Oggi è grato di dedicarsi a questo tipo di esperimenti specifici: “Mi rendo conto che sono più rilassato non essendo così informato. Ho sempre dovuto pensare velocemente a cosa pensavo riguardo alle notizie, ed è molto stancante. A distanza di un anno mi sono pentito di tante battute”. Anche i settimanali non sembrano più vitali: “Oggi le notizie durano 10 ore e in quel lasso di tempo la mente alveare di internet ha fatto tutte le battute e i meme possibili. Li abbiamo tutto il giorno e tutti sono comici.
È esaurito, ovviamente, dalle persone che dicono che “non si può scherzare su niente”, sottolinea: “Puoi scherzare su quello che vuoi, il fatto è che prima non capivi feedback.
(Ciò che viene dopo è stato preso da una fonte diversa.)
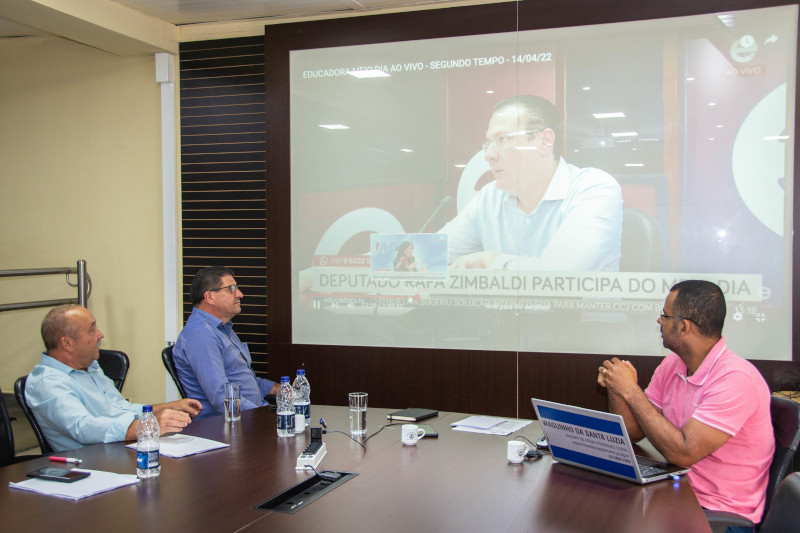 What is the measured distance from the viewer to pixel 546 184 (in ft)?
15.6

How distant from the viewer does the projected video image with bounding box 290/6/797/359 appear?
437 cm

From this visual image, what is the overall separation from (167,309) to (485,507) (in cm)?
422

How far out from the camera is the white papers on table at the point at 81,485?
2.21 meters

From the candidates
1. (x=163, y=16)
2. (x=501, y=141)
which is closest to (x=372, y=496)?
(x=501, y=141)

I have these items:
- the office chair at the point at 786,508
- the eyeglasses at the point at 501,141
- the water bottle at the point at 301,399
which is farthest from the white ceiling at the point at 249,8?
the office chair at the point at 786,508

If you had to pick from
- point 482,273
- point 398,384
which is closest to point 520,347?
point 482,273

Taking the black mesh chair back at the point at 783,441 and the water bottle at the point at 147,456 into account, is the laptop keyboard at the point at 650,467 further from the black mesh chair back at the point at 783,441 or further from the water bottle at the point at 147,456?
the water bottle at the point at 147,456

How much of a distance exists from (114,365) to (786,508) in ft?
10.3

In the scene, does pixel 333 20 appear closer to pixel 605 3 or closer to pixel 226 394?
pixel 605 3

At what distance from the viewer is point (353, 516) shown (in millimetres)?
2062

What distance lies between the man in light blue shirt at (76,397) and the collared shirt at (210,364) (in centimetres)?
32

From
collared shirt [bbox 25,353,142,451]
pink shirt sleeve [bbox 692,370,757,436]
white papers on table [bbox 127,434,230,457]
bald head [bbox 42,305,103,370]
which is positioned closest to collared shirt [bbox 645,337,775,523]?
pink shirt sleeve [bbox 692,370,757,436]

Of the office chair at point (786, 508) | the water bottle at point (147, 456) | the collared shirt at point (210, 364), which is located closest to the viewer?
the office chair at point (786, 508)

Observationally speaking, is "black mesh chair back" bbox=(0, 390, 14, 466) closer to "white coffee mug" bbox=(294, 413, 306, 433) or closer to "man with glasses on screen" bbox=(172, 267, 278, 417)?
"man with glasses on screen" bbox=(172, 267, 278, 417)
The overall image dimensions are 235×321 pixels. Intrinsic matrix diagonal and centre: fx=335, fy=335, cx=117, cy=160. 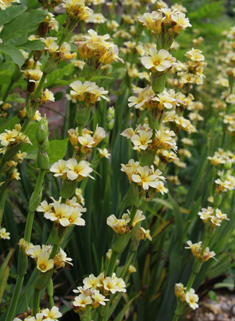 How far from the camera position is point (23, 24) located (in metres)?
0.66

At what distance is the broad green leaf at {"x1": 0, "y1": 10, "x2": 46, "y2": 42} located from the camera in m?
0.64

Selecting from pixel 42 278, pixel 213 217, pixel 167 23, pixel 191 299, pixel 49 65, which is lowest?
pixel 191 299

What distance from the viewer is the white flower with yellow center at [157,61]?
53cm

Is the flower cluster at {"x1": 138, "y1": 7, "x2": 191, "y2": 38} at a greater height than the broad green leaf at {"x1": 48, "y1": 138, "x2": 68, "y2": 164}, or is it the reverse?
the flower cluster at {"x1": 138, "y1": 7, "x2": 191, "y2": 38}

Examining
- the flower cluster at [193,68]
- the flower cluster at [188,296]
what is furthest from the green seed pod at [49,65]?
the flower cluster at [188,296]

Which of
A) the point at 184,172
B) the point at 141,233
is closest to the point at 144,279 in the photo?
the point at 141,233

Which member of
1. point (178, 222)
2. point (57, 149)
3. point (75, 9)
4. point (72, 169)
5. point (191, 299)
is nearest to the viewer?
point (72, 169)

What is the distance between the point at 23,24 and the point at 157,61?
294mm

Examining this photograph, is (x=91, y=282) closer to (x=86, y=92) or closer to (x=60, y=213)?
(x=60, y=213)

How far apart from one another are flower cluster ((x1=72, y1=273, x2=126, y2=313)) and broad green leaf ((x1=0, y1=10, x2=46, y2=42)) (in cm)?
49

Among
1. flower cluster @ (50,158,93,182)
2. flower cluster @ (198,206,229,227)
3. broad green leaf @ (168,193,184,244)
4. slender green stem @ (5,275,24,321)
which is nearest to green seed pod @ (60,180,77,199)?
flower cluster @ (50,158,93,182)

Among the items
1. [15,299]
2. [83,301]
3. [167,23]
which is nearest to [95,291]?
[83,301]

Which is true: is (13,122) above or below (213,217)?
above

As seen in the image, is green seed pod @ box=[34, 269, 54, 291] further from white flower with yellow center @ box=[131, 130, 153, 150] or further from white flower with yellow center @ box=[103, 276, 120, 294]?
white flower with yellow center @ box=[131, 130, 153, 150] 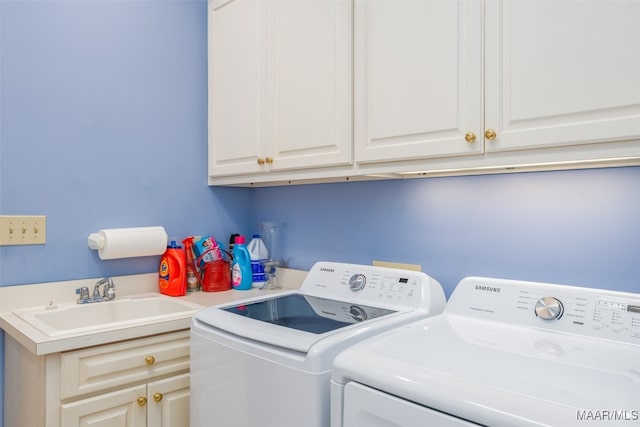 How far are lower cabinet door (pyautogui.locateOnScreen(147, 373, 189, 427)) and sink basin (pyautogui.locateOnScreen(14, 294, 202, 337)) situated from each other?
0.78 ft

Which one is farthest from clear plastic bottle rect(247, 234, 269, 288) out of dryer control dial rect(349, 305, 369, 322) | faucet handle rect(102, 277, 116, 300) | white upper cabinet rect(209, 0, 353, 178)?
dryer control dial rect(349, 305, 369, 322)

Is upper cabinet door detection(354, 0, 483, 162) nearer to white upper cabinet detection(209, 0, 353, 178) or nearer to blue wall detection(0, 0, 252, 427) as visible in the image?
white upper cabinet detection(209, 0, 353, 178)

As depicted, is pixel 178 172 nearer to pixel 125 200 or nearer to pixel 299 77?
pixel 125 200

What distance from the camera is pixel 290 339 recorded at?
115 cm

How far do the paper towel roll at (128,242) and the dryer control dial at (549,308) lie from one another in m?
1.55

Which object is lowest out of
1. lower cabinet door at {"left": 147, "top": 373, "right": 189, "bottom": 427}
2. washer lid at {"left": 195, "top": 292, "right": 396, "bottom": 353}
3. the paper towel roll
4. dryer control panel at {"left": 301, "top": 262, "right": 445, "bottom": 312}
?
lower cabinet door at {"left": 147, "top": 373, "right": 189, "bottom": 427}

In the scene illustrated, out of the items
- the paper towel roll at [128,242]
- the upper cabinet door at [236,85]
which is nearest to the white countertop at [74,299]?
the paper towel roll at [128,242]

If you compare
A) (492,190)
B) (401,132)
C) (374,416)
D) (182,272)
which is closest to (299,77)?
(401,132)

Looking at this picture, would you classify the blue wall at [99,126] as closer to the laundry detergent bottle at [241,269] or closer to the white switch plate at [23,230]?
the white switch plate at [23,230]

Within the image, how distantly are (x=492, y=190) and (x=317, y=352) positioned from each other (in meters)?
0.88

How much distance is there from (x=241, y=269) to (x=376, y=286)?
79cm

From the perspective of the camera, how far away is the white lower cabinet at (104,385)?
1335 millimetres

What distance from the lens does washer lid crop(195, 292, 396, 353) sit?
1.18 m

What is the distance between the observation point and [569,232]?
1.36 meters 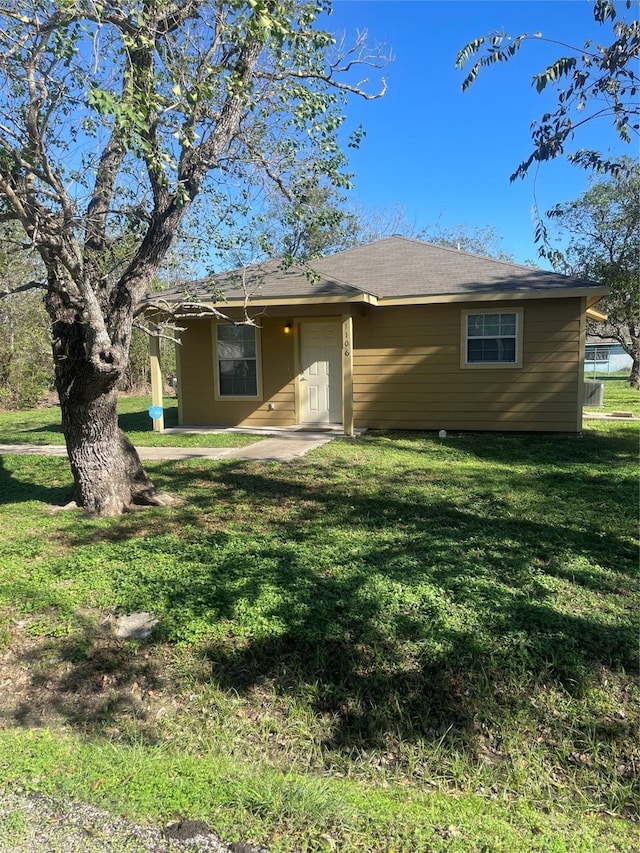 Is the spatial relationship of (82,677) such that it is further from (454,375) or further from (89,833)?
(454,375)

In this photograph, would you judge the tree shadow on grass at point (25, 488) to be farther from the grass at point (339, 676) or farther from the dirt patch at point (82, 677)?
the dirt patch at point (82, 677)

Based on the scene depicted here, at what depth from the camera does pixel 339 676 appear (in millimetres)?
3072

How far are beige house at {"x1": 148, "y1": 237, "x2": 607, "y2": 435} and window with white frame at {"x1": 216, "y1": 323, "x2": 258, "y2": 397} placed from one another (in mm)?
21

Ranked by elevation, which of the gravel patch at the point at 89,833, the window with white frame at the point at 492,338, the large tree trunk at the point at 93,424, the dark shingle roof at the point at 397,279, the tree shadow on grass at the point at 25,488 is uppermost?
the dark shingle roof at the point at 397,279

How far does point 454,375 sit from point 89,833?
972 centimetres

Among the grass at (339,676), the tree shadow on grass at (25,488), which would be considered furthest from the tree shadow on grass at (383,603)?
the tree shadow on grass at (25,488)

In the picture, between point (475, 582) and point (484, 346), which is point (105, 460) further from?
point (484, 346)

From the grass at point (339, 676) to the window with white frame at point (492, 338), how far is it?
547cm

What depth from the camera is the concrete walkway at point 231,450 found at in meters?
8.74

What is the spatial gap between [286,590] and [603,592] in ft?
6.81

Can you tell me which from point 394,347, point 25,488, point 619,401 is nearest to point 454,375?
point 394,347

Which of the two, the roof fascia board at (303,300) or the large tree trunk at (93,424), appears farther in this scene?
the roof fascia board at (303,300)

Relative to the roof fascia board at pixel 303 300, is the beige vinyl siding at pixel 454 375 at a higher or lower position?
lower

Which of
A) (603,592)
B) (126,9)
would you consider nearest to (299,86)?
(126,9) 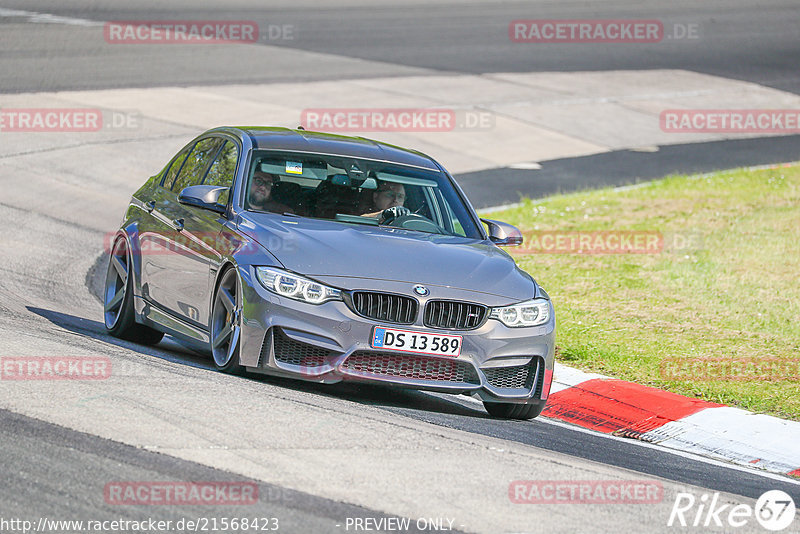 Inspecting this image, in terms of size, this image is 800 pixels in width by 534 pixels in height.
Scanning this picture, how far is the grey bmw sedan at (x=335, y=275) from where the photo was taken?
23.5 feet

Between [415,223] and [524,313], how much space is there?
1257 mm

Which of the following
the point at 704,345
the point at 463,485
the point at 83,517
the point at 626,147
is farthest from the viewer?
the point at 626,147

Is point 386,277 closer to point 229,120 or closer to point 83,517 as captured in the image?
point 83,517

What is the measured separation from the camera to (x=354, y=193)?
8.52 m

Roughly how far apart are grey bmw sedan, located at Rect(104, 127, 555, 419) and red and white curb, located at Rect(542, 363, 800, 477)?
86 cm

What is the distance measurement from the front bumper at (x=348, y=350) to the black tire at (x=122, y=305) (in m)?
2.14

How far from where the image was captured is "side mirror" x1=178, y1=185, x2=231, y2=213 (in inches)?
317

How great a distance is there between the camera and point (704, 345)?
34.5 feet

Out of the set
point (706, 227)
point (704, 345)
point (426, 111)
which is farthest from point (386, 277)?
point (426, 111)

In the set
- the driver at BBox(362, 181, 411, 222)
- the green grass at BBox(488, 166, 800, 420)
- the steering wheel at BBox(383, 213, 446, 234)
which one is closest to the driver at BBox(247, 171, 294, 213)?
the driver at BBox(362, 181, 411, 222)

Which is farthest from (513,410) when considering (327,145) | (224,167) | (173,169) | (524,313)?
(173,169)

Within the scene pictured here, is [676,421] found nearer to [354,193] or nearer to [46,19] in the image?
[354,193]

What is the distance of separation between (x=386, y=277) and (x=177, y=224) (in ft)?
6.44

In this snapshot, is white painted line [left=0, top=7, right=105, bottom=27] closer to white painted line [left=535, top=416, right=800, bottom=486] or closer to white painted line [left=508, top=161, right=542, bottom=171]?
white painted line [left=508, top=161, right=542, bottom=171] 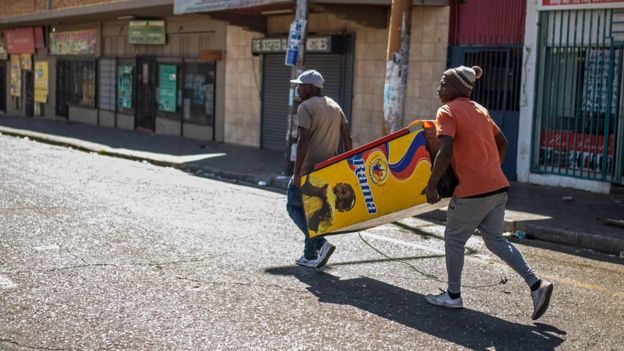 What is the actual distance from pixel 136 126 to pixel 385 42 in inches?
472

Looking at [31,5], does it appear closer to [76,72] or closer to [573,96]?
[76,72]

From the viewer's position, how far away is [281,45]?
18.7m

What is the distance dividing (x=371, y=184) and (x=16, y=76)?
32.2m

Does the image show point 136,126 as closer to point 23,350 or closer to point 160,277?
point 160,277

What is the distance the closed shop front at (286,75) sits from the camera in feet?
56.3

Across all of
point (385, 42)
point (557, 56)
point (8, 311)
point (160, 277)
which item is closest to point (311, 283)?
point (160, 277)

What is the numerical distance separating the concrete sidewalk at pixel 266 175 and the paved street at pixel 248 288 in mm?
491

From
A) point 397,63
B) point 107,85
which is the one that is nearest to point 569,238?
point 397,63

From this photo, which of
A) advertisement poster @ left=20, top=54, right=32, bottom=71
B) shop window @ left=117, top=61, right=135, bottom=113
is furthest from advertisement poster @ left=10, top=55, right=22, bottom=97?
shop window @ left=117, top=61, right=135, bottom=113

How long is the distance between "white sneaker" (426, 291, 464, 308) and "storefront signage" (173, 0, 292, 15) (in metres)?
10.9

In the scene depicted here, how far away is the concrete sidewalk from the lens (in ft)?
31.1

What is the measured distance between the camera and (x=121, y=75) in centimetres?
2642

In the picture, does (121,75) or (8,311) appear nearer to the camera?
(8,311)

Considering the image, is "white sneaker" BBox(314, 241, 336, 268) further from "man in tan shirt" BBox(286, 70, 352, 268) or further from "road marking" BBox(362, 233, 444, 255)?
"road marking" BBox(362, 233, 444, 255) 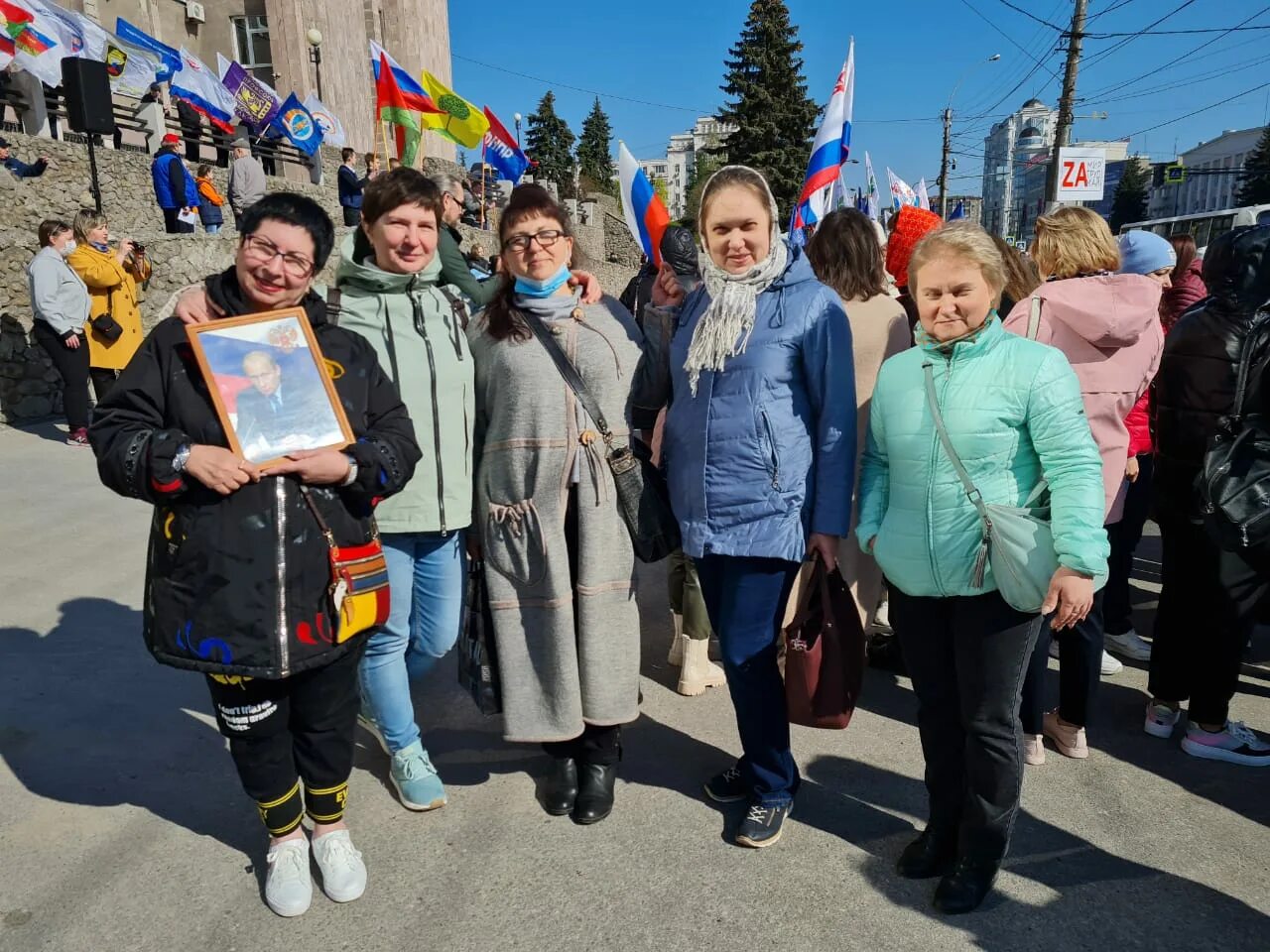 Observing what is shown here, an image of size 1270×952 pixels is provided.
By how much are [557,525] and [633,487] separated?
10.8 inches

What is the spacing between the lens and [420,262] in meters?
2.68

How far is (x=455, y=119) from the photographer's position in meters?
11.8

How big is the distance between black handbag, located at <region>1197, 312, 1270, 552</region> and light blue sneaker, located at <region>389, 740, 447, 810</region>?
2.62m

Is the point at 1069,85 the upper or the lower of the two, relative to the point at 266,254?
upper

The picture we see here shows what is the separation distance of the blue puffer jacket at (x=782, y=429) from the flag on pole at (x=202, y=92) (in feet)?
66.7

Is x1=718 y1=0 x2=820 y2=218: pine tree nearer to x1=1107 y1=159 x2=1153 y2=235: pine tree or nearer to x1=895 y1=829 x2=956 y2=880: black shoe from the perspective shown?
x1=895 y1=829 x2=956 y2=880: black shoe

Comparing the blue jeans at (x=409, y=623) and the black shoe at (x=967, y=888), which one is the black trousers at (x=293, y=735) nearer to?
the blue jeans at (x=409, y=623)

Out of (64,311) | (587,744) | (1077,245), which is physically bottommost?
(587,744)

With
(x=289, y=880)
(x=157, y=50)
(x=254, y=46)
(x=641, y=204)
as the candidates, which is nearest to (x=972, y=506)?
(x=289, y=880)

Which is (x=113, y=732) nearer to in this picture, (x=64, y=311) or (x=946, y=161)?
(x=64, y=311)

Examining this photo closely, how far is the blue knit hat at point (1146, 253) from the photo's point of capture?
154 inches

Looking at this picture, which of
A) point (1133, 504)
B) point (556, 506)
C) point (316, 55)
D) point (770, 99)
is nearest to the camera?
point (556, 506)

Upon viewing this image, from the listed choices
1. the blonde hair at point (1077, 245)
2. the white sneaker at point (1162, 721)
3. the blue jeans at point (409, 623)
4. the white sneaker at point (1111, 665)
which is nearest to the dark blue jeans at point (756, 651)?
the blue jeans at point (409, 623)

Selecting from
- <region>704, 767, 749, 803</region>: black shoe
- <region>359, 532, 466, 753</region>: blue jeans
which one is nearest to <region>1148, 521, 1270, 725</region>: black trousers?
<region>704, 767, 749, 803</region>: black shoe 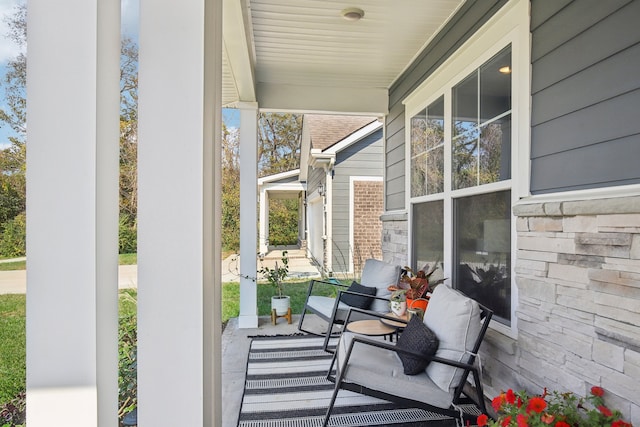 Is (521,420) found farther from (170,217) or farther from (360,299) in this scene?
(360,299)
Se faccio una battuta omofobica hanno il diritto di dirmi che lo sono. Negli ultimi 15 anni abbiamo tutti scoperto che ci sono più sensibilità, e tante battute da allora non sono più io, sono cambiata. Ci sono più problemi per fare una battuta sulla Madonna e sul re di Spagna che per una battuta sessista. Sento che non fa male nemmeno a noi bianchi eterosessuali fare spazio e fare un passo indietro.
Monteys parla di conoscere la censura. È stato direttore di Giovedì quando nel 2007 decisero di mettere sulla copertina della rivista l’allora principe Felipe che copulava con Letizia, un’immagine che venne rapita giudiziariamente dalle edicole: “Era un momento per renderci più forti, ma pensavamo fosse un’anomalia della sistema. In realtà è stato il segnale di partenza per denunciare burattinai e rapper. Abbiamo inaugurato uno status in cui scherzare con la corona non era più gratuito. A volte ho la sensazione che l’esempio pubblico sia stato dato in modo che non ci venisse nemmeno in mente”. E sette anni dopo arrivò l’autocensura: “Sono assolutamente d’accordo con i Montey che se ne andarono quando un redattore volle imporgli un discorso. Pensavano che i collaborazionisti, di fronte al panico economico, avrebbero mentito alla gente. E la tua credibilità è l’unica cosa che hai come autore. Era la soddisfazione di dire no a chi stava al vertice e andarsene, anche se aveva un prezzo. È arrivato il vuoto economico, ma è stato emozionante. “Era il posto giusto nella storia.” E ora ha tutto il futuro davanti a sé.